J’ai ensuite repris mon bâton de pèlerin pour apporter la bonne nouvelle. Non, les infirmiers ne seront pas des rebelles. Ils ne mettront pas le système de santé en péril en creusant le trou de la Sécurité sociale. Ils ne revendiqueront aucun droit et se plieront à leurs devoirs. Il n’y aura pas de révolution, pas d’esclandre, pas de supposées grèves qui n’aboutiront à rien, pas de luttes, pas de revendications. Rien, black-out total ! Ils demeureront ce qu’ils ont toujours été et ne feront pas de vagues. Ils paieront leur tribut comme ils l’ont toujours fait, seront des citoyens modèles et continueront à faire tourner la machine bien huilée qu’est notre si belle société en pleine décrépitude. Ils se maintiendront dans un statut d’exécutants et ne se poseront aucune question.
Le cauchemar fut éprouvant et le réveil forcément brutal. J’attends notre réveil à tous avec impatience.
Il est des jours funestes qui s’écrivent dans le marbre ou dans la pierre que l’on n’oubliera jamais ! Je voudrais, auprès de tous les lecteurs, oui, je dis bien lecteurs parce que je m’adresse à vous, messieurs, et parce que dans un pays où l’on ne lit plus, même Hara-Kiri ou Playboy prennent des allures de littérature. Je voudrais donc rétablir la vérité sur un mythe qui a la peau dure, à savoir le fantasme de l’infirmière qui concernerait, selon Cosmopolitan, près de trois hommes sur dix (28,1 %).
Alors, j’ai le regret, messieurs les 28,1 % concernés, de vous annoncer que ces femmes n’existent pas. C’est un constat somme toute expéditif mais qui a le mérite d’être thérapeutique ! En résumé, les bottes de drag queen avec les talons qui vont bien, il faut être raisonnable, c’est uniquement pour la Gay Pride ou sur certaines chaînes cryptées le soir très tard ! Il est donc inutile de vous fracturer un tibia dans le but de voir Barbarella venir vous chouchouter à domicile, on vous a menti.
L’infirmière lambda met des Crocs, des baskets ou des sabots à ses pieds. Elle porte des bas de contention couleur chair, ce qui est tout sauf sexy, parce que l’insuffisance veineuse et les varices sont considérées comme le fléau du soignant. Elle coupe ses griffes de panthère parce que les ongles longs peints en rouge carmin, ce n’est pas hygiénique.

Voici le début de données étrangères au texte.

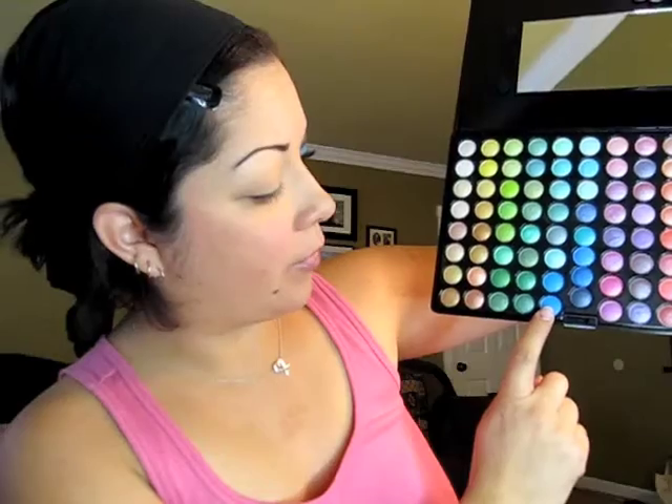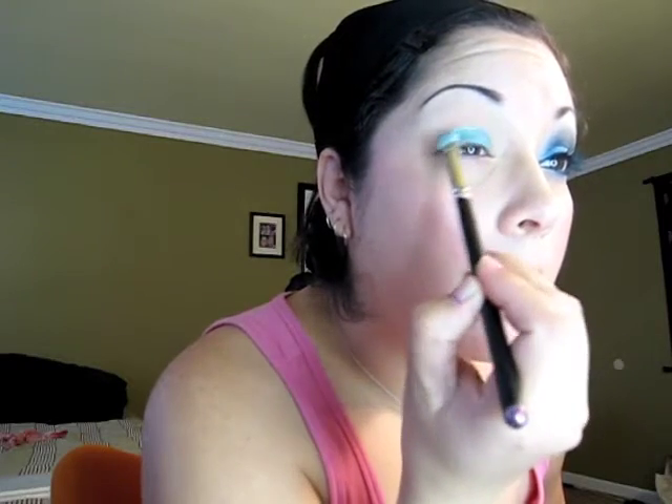We are using this one, then the dark one right here. Make sure you have your rag handy. Get your 239 MAC brush, pick up your color and apply on the lid. In all my videos, I already have my foundation, my blush, my lipstick, my gloss, and my primer on the lid. And I use Urban Decay just like everybody else.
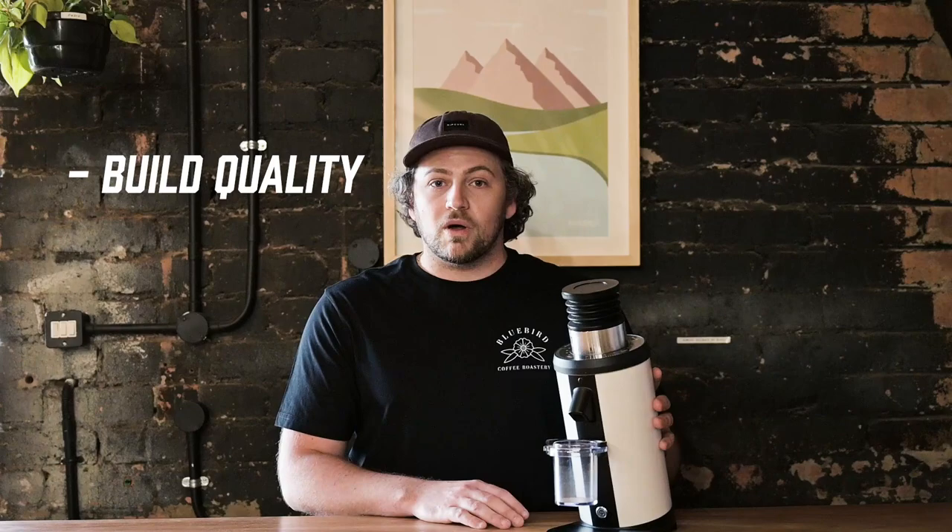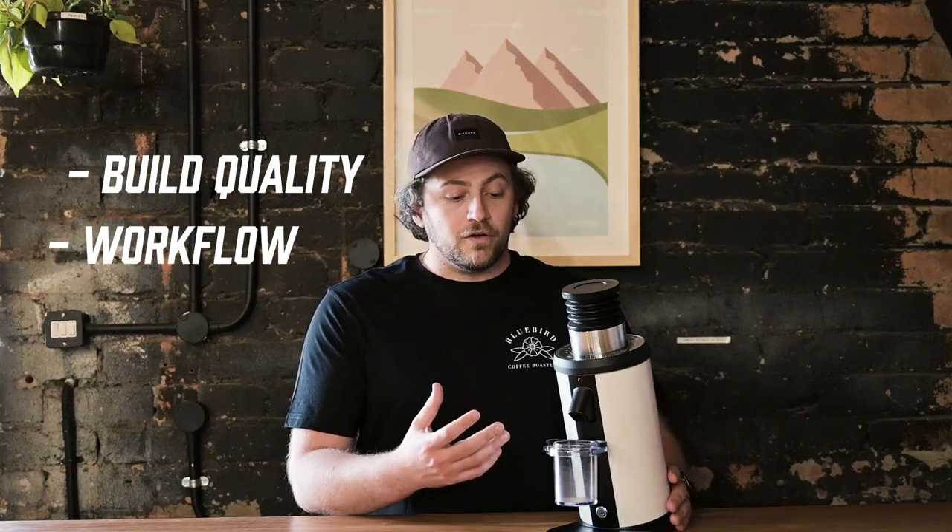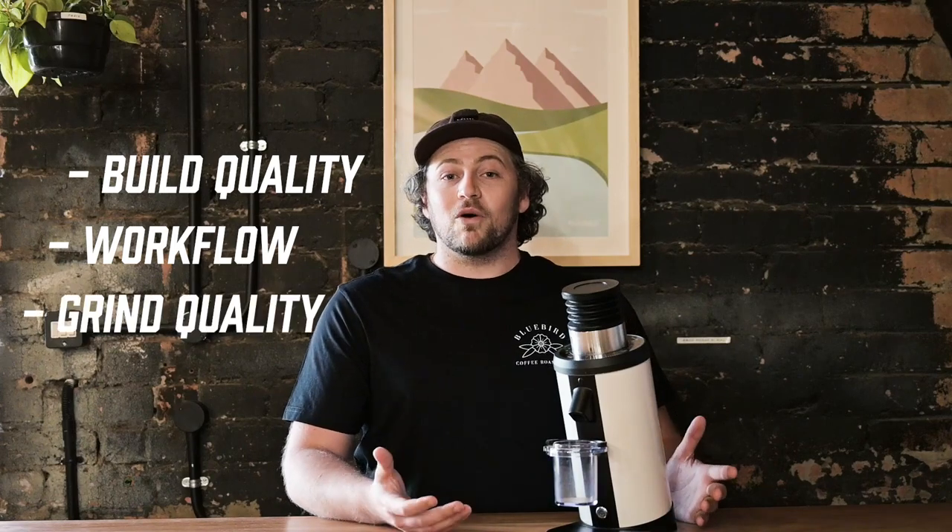We'll certainly revisit it in the future as this is going to be my daily driver at home for espresso. There are many reviews on this grinder online already, the most popular definitely being from James Hoffman, and I'd recommend checking out all of them if you're in the market. I'm going to talk about this grinder from my perspective in the three categories I look for when purchasing equipment for home: build quality, workflow efficiency, and grind quality.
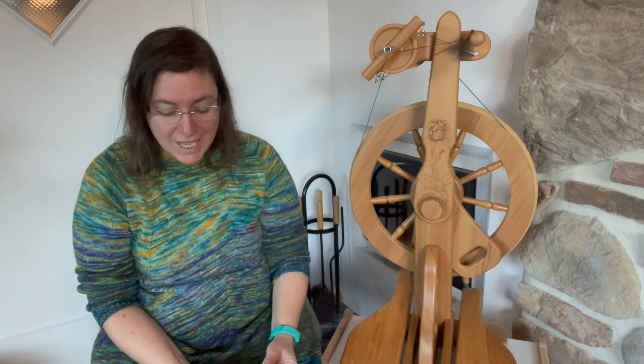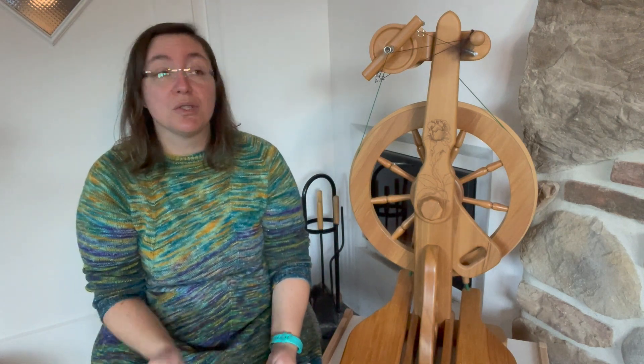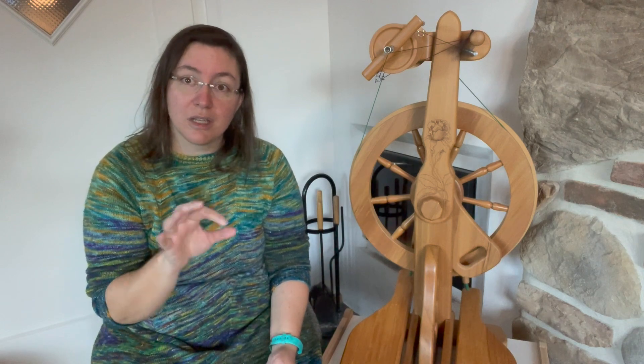I have my handy dandy notes so I can tell you what I will cover in that series. In the first class, or the first course part, it's about the material — the wheel, the fiber, and some gadgets that you can or should have, and things that are nice to have but not necessary. In part two, we're going to do setting up the wheel and dry treadling and feeding in yarn — not actual spinning, just feeding it in, getting a feel for your wheel.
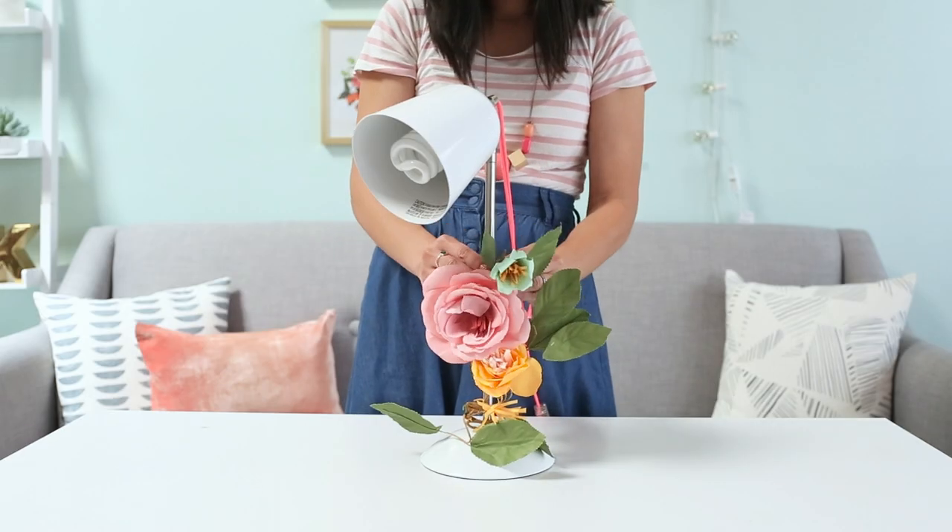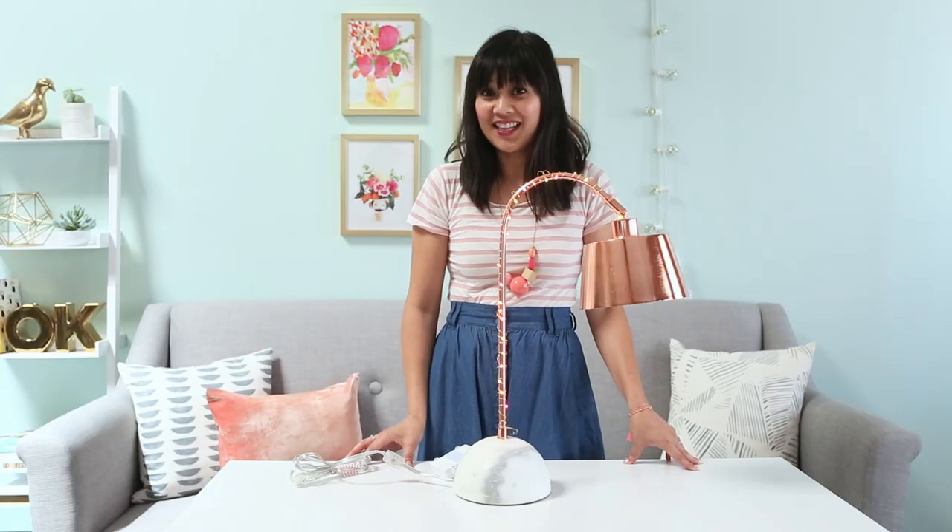Today I'm going to show you how to add a little je ne sais quoi to your everyday table lamp. One option is to find a paper floral garland that you can wrap around the neck of the lamp. Or you can do the same thing with fairy lights.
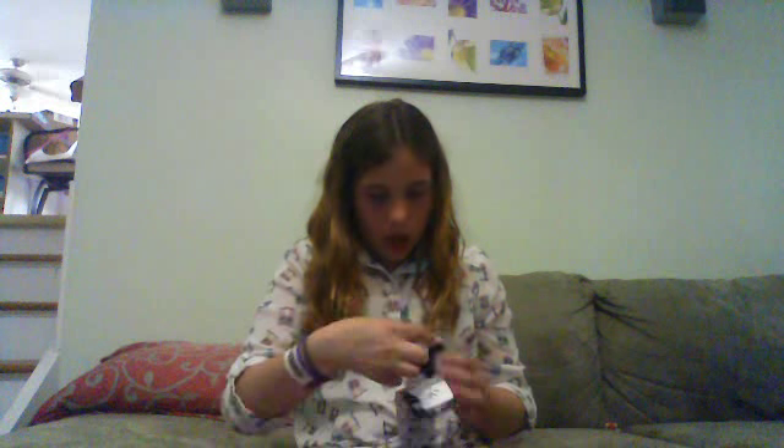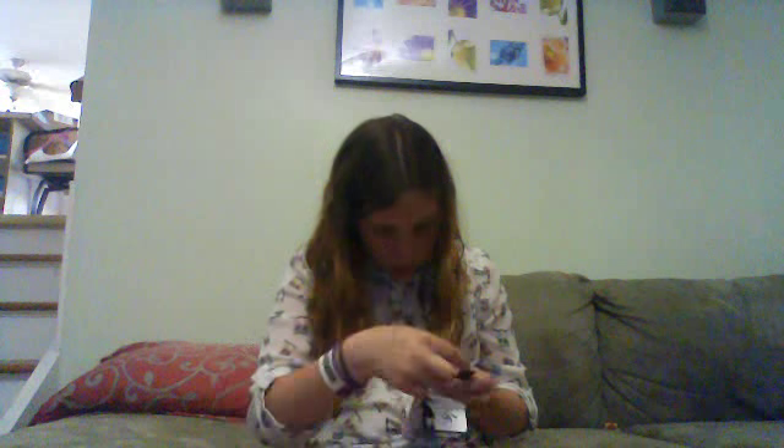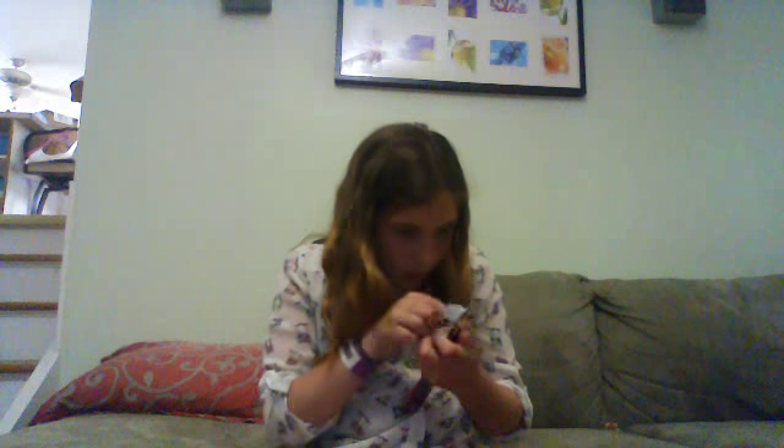Let's try it. I'm going to grab one that I did not use yet. This one. And I will show you the ends. Okay, here it is — I peeled it out of the plastic.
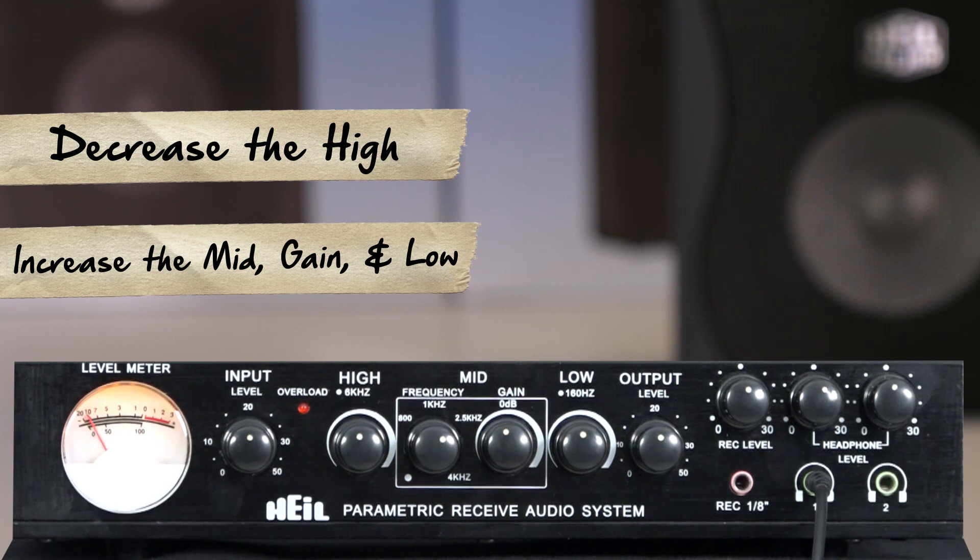In contrast, this final clip is very intelligible, but it is very thin and lacking in low end. To correct for this, I'm going to decrease the high, then increase the mid, gain and low.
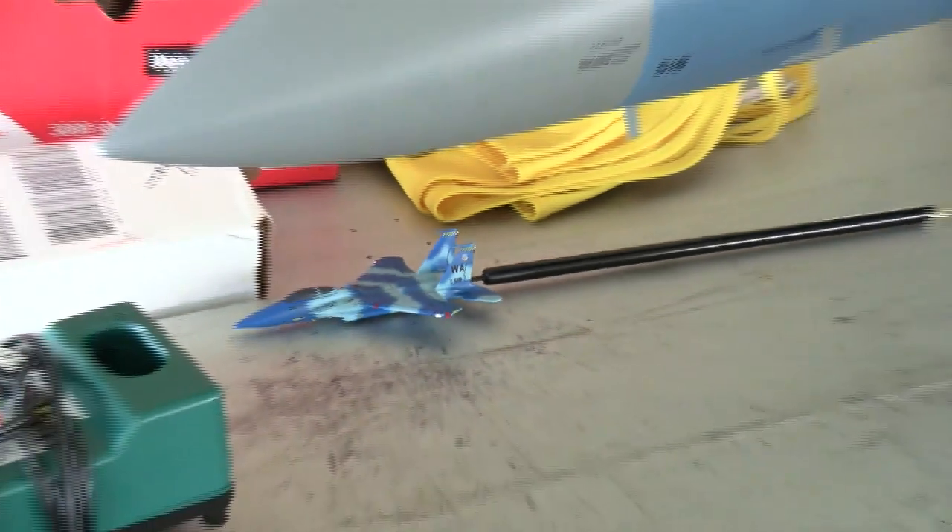We're here with Jason Bauer of Team USA, and Jason's going to tell us a little bit about his F-15, how the inside workings of it and how it gets its power and its radio control.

Elle ressemble parfois à un schtroumpf qui aurait déteint au lavage avec sa blouse stérile jetable bleu azur et la charlotte qui l’accompagne. Elle attache souvent ses cheveux s’ils ne sont pas courts pour les mêmes questions d’hygiène. On oublie donc de suite la chevelure de lionne qui montre ses griffes en ronronnant et on évite de se faire un film.
Chaque jour, l’infirmière est confrontée à des sentiments ambigus. Elle navigue entre toute-puissance et impuissance, fantasme de guérison, maîtrise, quête de sens, renoncement, distanciation et humilité. La représentation que l’on a d’elle est source de fantasmes les plus divers, elle représente la figure maternelle, l’intime, elle a les attributs de la technicienne, celle qui entreprend et qui initie le soin, la piqueuse. Les médecins, quant à eux, incarnent la figure paternelle et l’autorité.
L’infirmière est aussi soumise à l’autorité. Dans les années 60, le psychologue américain Stanley Milgram a réalisé une expérience dans un hôpital auprès des infirmières. Un homme inconnu se présentant comme médecin a téléphoné aux infirmières et leur a demandé d’administrer à un patient un médicament à une dose qu’elles savaient trop élevée. 95 % des infirmières contactées ont accepté d’administrer ce produit nocif pour le patient. Le seul titre de médecin évoqué par téléphone a été suffisant pour influencer leurs décisions. C’est ce que Milgram appelle l’étatagentique ou être l’agent d’un autre et lui être soumis. C’est l’abandon du sens de responsabilité d’un individu qui se soumet à l’autorité sans qu’il n’y ait aucune menace ou gain à espérer13.
Pour affronter ces sentiments ambigus et ces représentations d’elle-même, l’infirmière doit s’adapter à chaque situation en alliant humilité, effacement de ses propres besoins, attitude bienveillante et attentionnée envers la personne qu’elle soigne.